» Work order: Copy out the data from the line containing "Wat is de meest" to its last line, exactly. No pictures.

================================

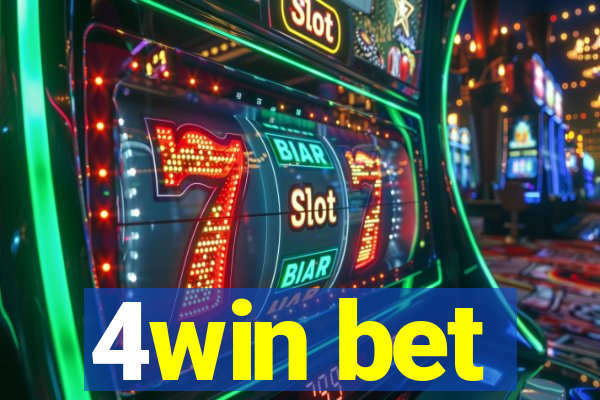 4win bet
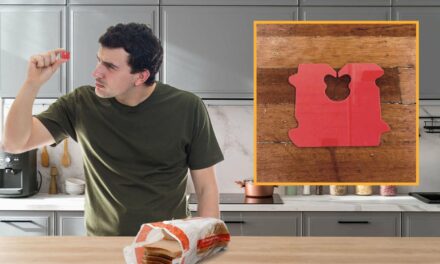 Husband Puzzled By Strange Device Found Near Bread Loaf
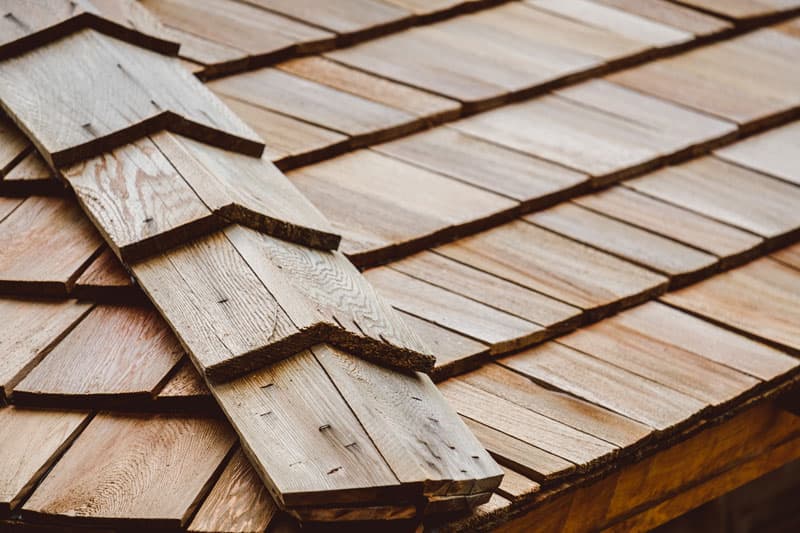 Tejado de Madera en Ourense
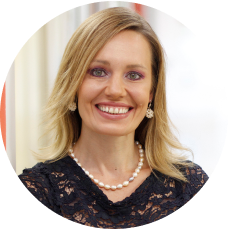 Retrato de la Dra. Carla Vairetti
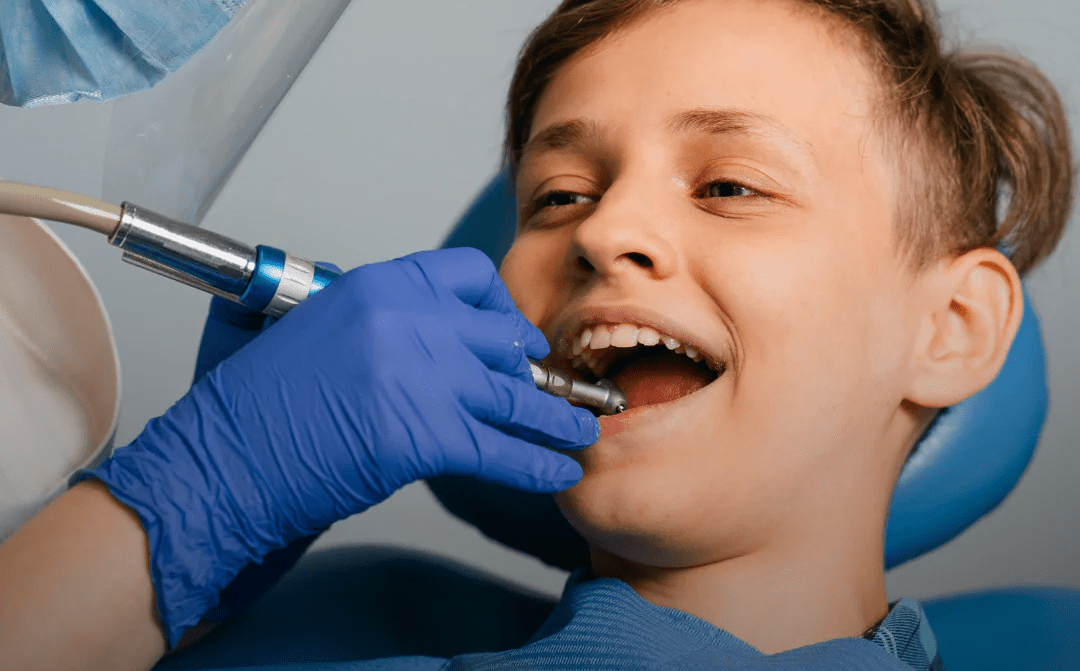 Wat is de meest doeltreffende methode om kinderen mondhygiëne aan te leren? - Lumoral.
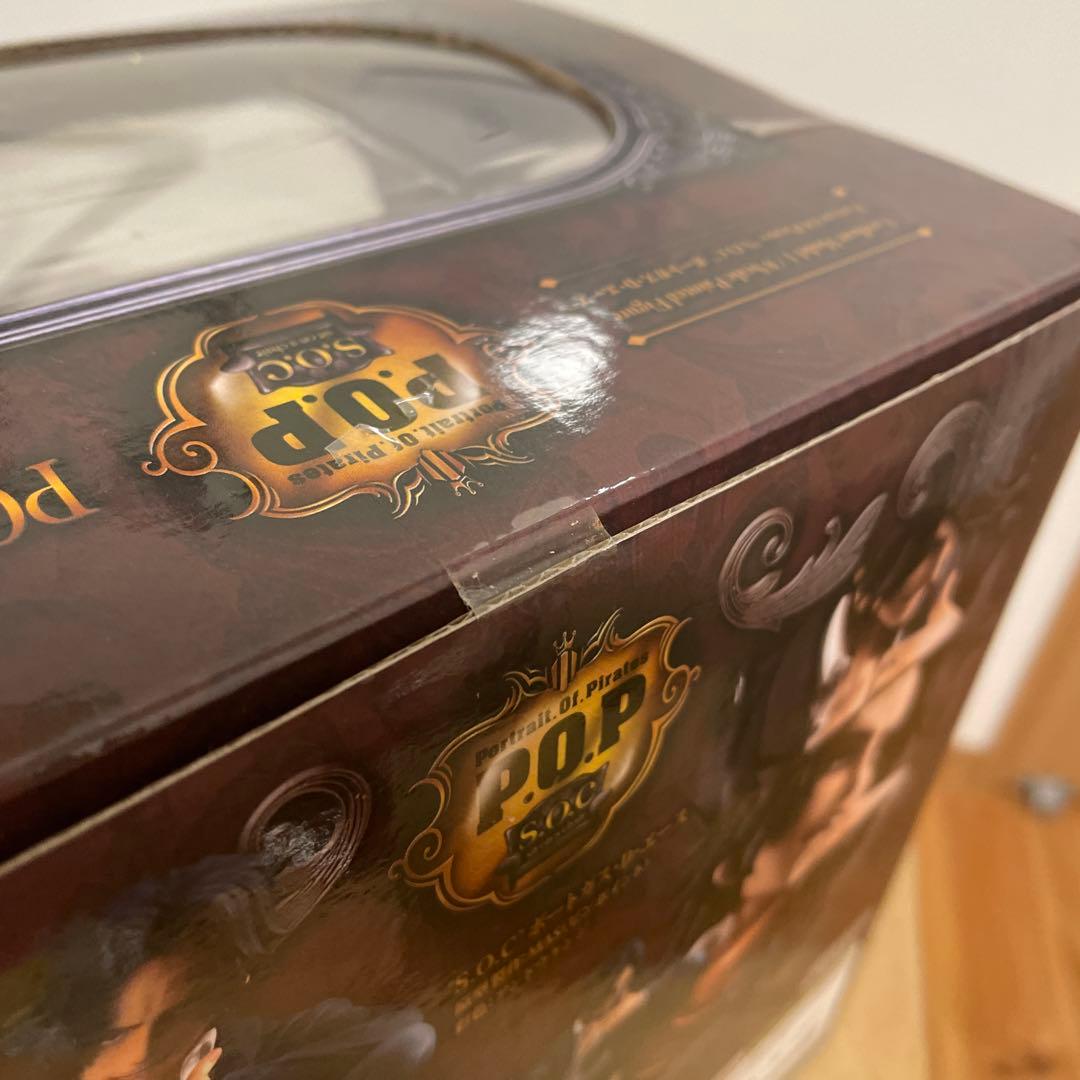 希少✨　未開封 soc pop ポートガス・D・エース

================================

» Exercise result:
 Wat is de meest doeltreffende methode om kinderen mondhygiëne aan te leren? - Lumoral.
 希少✨　未開封 soc pop ポートガス・D・エース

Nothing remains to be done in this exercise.